HERE'S HOW IT WORKS -- AND IN PLAIN ENGLISH TOO!
An appreciation by Phillip Taylor MBE and Elizabeth Taylor of Richmond Green Chambers
Newcomers to the study of law often regard the subject as an abstruse one, even though fascinating. This is partly because, as the author Gary Slapper points out, most students of law at universities encounter this complex and varied field for the first time, not having had the benefit of studying it previously in school.
Here, then, is a useful and engaging source of explanation of the law of England and Wales in clear, plain English. Students and non-lawyers alike, wishing to improve their knowledge of the law will love it.
Professor Slapper, director of the Law School at The Open University maintains (quite rightly) that law is a matter of life and death. Whether you know - or choose to know -- anything about the law or not, law affects just about everything in your world, whether important or unimportant -- from the air you breathe, to the food you eat, to property, and family relationships... or whether you are able to have any property or family relationships, or for that matter, adequate food at all. `The rule of law is the first rule of a democracy,' says the author, noting that `in a democracy like the UK's the law has the highest power.'
Like every other utterance and insight in this richly detailed book, these observations provide considerable food for thought. Gradually, much of the mystery of the law is to a gratifying extent, demystified and explained page by page, often with entertaining anecdotes and with enlightening historical perspective.
The useful and detailed table of contents lists the topics covered, including Judges... Lawyers... Cases and the Courts... Interpreting Acts of Parliament... The Jury... Language and the Law, and much more besides. The book is full of what might be termed `aha' moments. To cite one example, did you know the word `solicitor' is derived from the Latin `solicito' which means `I bother or worry': This should be inscribed on the front door of the Law Society, definitely!
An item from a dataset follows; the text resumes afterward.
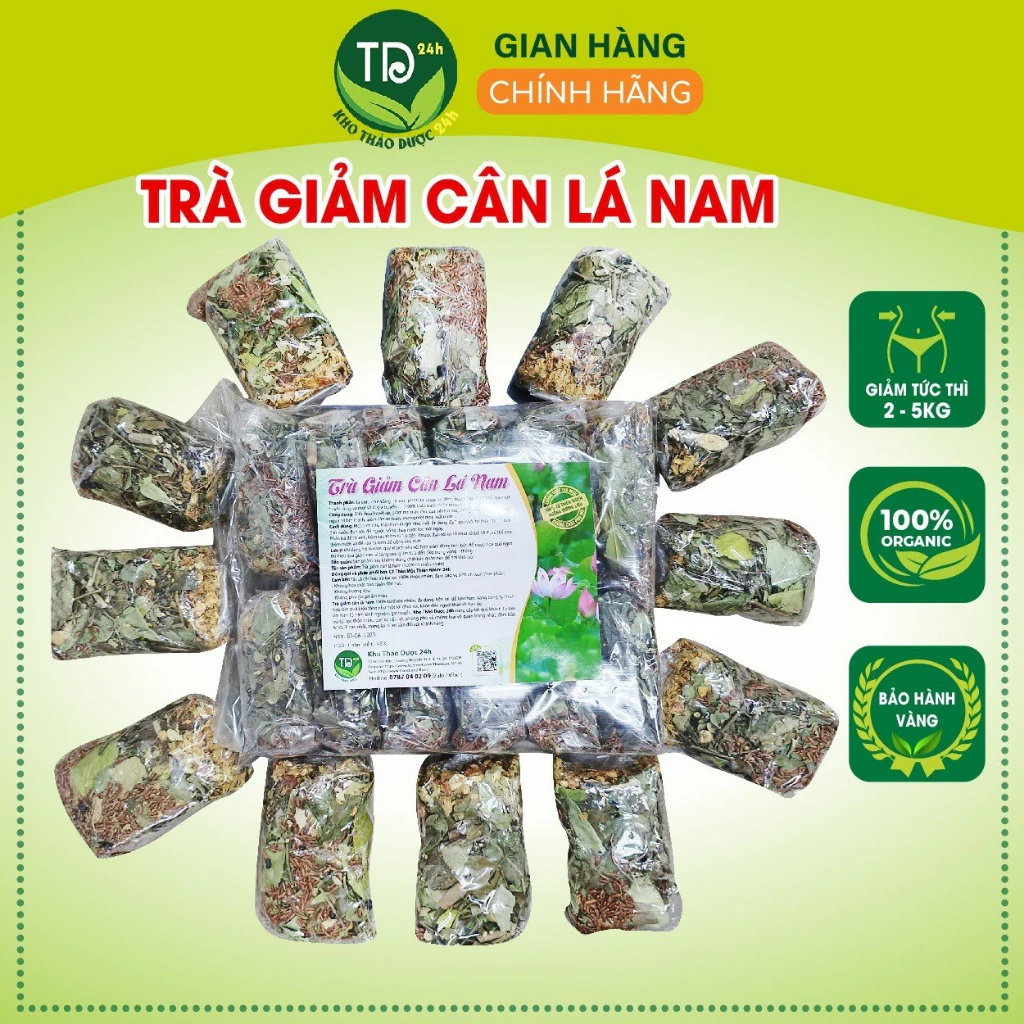 [Combo 6 bịch] Trà giảm cân lá nam, liệu trình đóng sẵn đủ 10 vị, uống trong 20 ngày, có thể giảm tức tốc từ 2 đến 5 kg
Usefully for novices in the law, there are any number of suggestions for further reading, not to mention tables of cases and legislation, together with a bibliography and glossary of terms. `Miscellany' the last chapter includes `ten great free websites offering law... ten great places to experience law live... and ten great films for those interested in the law.' Written not just to be studied, but enjoyed, `How the Law Works' does work brilliantly as an informed and informative introduction to the study of law for those approaching it for the first time.